Problem statement: The exercise calls for every entry that follows to be repeated exactly.

Short text fragments from websites:
****************
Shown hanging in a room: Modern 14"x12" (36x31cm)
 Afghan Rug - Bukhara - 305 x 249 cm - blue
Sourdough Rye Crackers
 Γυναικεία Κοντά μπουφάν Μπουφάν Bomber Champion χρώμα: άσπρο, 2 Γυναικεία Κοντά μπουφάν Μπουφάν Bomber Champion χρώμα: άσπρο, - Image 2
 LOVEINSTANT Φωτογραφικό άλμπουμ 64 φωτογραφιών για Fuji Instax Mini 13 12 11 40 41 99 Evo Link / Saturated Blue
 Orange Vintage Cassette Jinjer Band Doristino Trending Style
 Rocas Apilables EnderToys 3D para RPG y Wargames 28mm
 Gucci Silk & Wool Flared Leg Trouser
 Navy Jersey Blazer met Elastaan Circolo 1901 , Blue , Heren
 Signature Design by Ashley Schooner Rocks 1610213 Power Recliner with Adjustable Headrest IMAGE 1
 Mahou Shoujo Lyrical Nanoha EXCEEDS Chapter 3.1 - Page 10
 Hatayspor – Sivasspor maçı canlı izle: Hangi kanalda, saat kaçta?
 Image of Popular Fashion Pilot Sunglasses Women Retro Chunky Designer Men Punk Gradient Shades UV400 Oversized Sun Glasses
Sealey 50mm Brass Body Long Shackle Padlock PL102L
****************
Completed exercise:
Shown hanging in a room: Modern 14"x12" (36x31cm)
 Afghan Rug - Bukhara - 305 x 249 cm - blue
Sourdough Rye Crackers
 Γυναικεία Κοντά μπουφάν Μπουφάν Bomber Champion χρώμα: άσπρο, 2 Γυναικεία Κοντά μπουφάν Μπουφάν Bomber Champion χρώμα: άσπρο, - Image 2
 LOVEINSTANT Φωτογραφικό άλμπουμ 64 φωτογραφιών για Fuji Instax Mini 13 12 11 40 41 99 Evo Link / Saturated Blue
 Orange Vintage Cassette Jinjer Band Doristino Trending Style
 Rocas Apilables EnderToys 3D para RPG y Wargames 28mm
 Gucci Silk & Wool Flared Leg Trouser
 Navy Jersey Blazer met Elastaan Circolo 1901 , Blue , Heren
 Signature Design by Ashley Schooner Rocks 1610213 Power Recliner with Adjustable Headrest IMAGE 1
 Mahou Shoujo Lyrical Nanoha EXCEEDS Chapter 3.1 - Page 10
 Hatayspor – Sivasspor maçı canlı izle: Hangi kanalda, saat kaçta?
 Image of Popular Fashion Pilot Sunglasses Women Retro Chunky Designer Men Punk Gradient Shades UV400 Oversized Sun Glasses
Sealey 50mm Brass Body Long Shackle Padlock PL102L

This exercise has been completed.